[Task item]:
Please return all records verbatim, no pictures.

[Raw data]:

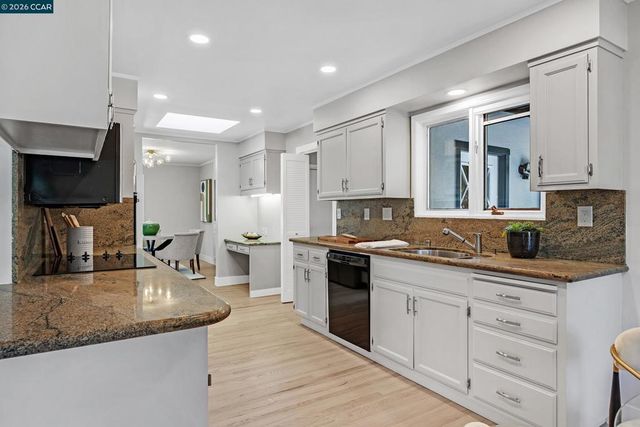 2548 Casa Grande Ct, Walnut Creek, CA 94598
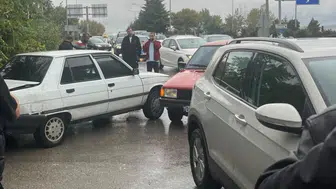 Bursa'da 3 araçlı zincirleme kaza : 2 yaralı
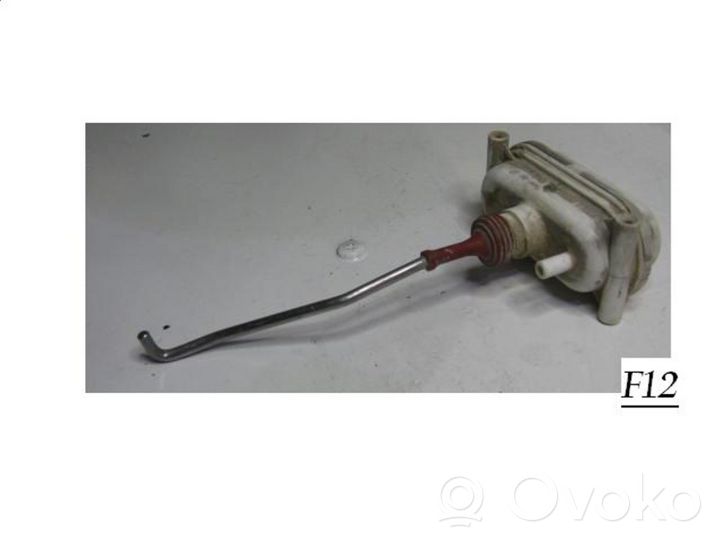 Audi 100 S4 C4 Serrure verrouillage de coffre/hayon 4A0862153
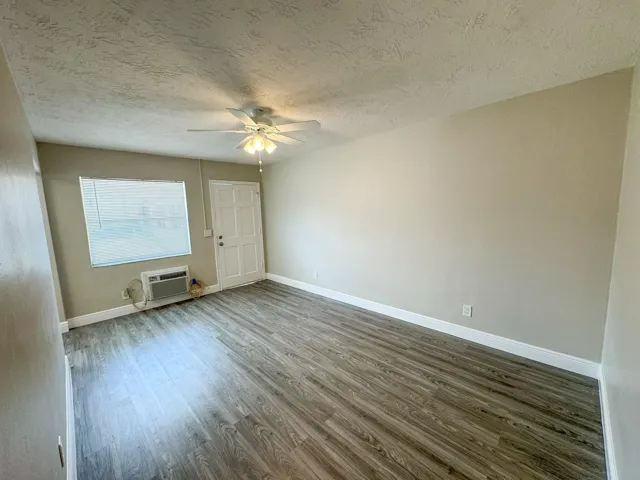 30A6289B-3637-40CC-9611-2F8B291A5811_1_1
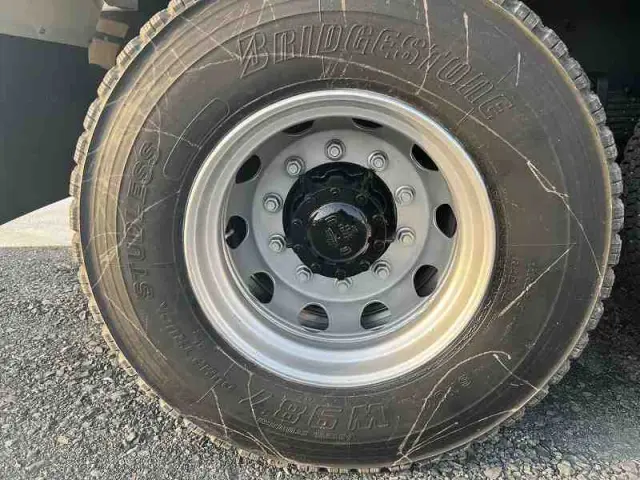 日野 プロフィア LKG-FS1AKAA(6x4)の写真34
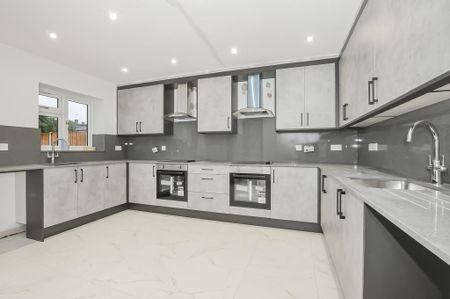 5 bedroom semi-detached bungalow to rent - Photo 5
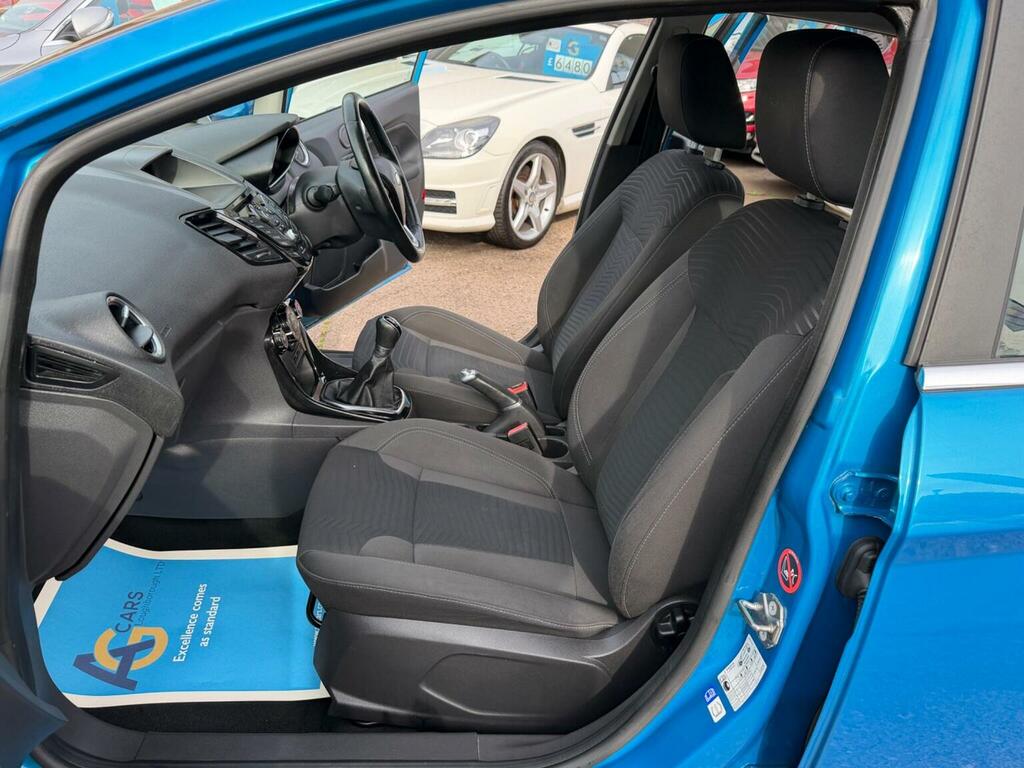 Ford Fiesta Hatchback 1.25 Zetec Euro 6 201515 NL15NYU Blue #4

[Written response]:
 2548 Casa Grande Ct, Walnut Creek, CA 94598
 Bursa'da 3 araçlı zincirleme kaza : 2 yaralı
 Audi 100 S4 C4 Serrure verrouillage de coffre/hayon 4A0862153
 30A6289B-3637-40CC-9611-2F8B291A5811_1_1
 日野 プロフィア LKG-FS1AKAA(6x4)の写真34
 5 bedroom semi-detached bungalow to rent - Photo 5
 Ford Fiesta Hatchback 1.25 Zetec Euro 6 201515 NL15NYU Blue #4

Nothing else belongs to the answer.